There were numerous 'solid facts' which have been pointed out above, viz., that there was no entry about the advance of Rs. 9,45,000 anywhere in the account books of the assessee. The Tribunal was right in thinking that the absence of entries was a very damaging circumstance if the loan was a genuine transaction. It also seems to be clear that in the absence of an account of the dealings by the ladies with the alleged savings, and having regard to their status and position and their other issues and their way of life and the possibility of gifts and expenses by them it is not consistent with probabilities that the entire amount could have been kept intact for nearly 20 years. It was also surprising that neither the ladies, nor the assessee, after he had received the amount, should have deposited it in banks, when admittedly he had accounts in a large number of banks. It was also quite impossible to believe that the entire amount should come to the assessee and not to the other daughters and son, when those daughters and son were not in as affluent circumstances as the assessee himself. Lastly, there was the fact that the assessee asked for instalments for payment of a comparatively small amount of Rs. 41,000. If his case were to be believed, he had nearly 6 lakhs of rupees in his hands out of the savings themselves, not taking into account over 5 lakhs of rupees, which he alleged to be his own savings. No serious argument was addressed to us in regard to these facts except to say that having regard to the status of the assessee and his grandmother and mother it was not impossible that they might have been in possession of a very large sum of money, and that some money might have come to the assessee alone. These, however, are all facts and circumstances on which the Tribunal alone was competent to pronounce judgment.

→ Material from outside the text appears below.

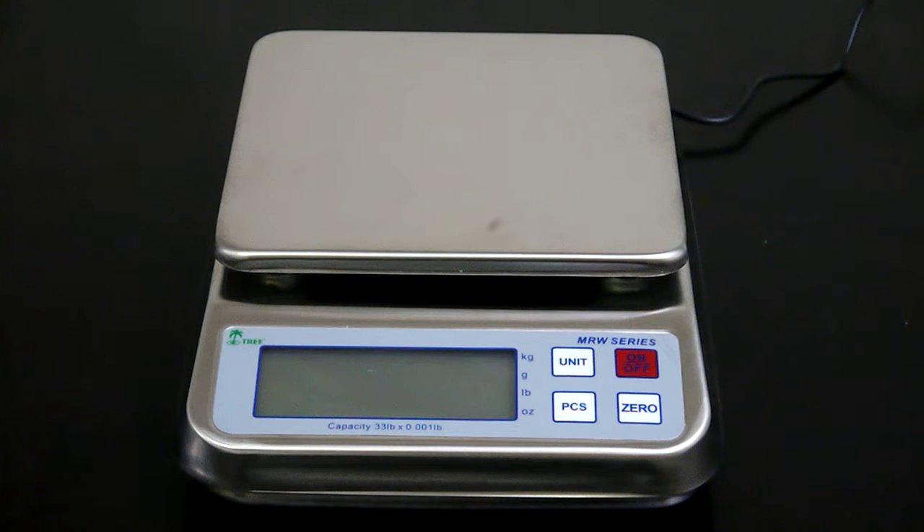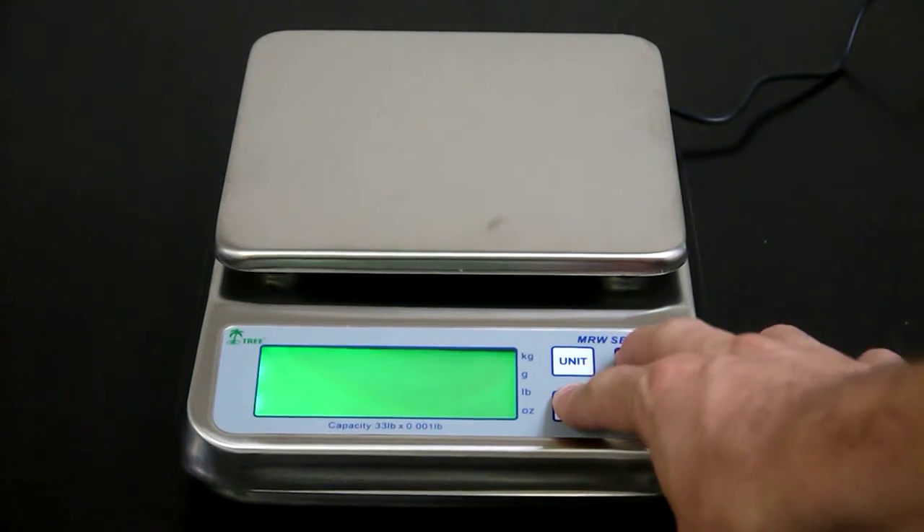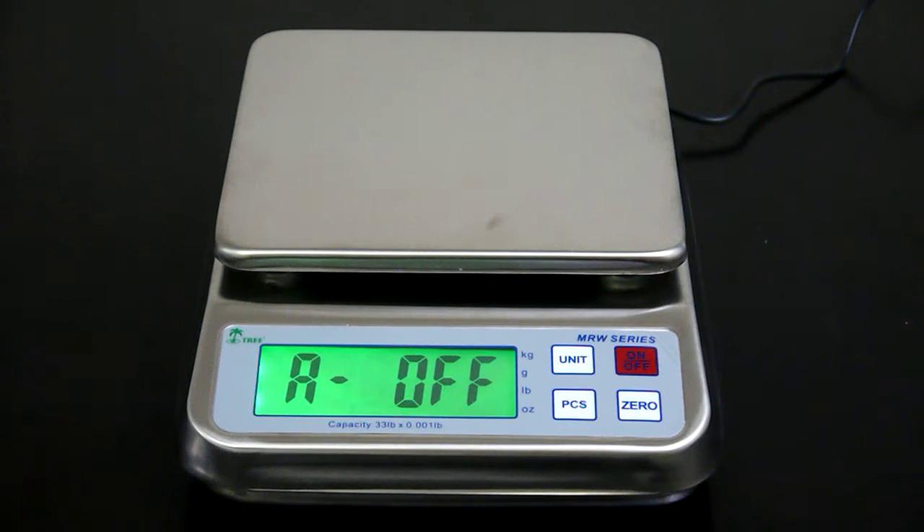To begin, you want to open up the function settings menu. To do that, press and hold the PCS key, then press the on key. Your display will then say either A off or A on. Using the zero key, you can turn auto shutoff off or on.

As regards the case cited by learned counsel for the assessee and noticed by us above, there are two subsequent decisions of the Supreme Court in Homi Jehangir Gheesta v. Commissioner of Income-tax and Bhaichand Amoluk & Co. v. Commissioner of Income-tax, from which the proposition is derivable that provided that there are solid facts and circumstances to warrant a certain conclusion on a question of fact the finding of the Tribunal is not necessarily vitiated merely because the Tribunal may have taken into consideration certain facts and circumstances which may be in the nature of conjectures or surmises or may not be strictly relevant. Having regard to all the facts and circumstances of this case, it appears to us that the case falls within the rule laid down in the last of the cases mentioned above.
The result is that the second question referred to us must also be answered in the affirmative and against the assessee. The reference shall be returned to the Income-tax Appellate Tribunal, Allahabad Bench, with the above answers under the seal of the court and the signature of the Registrar. The department shall be entitled to its costs assessed at Rs. 200.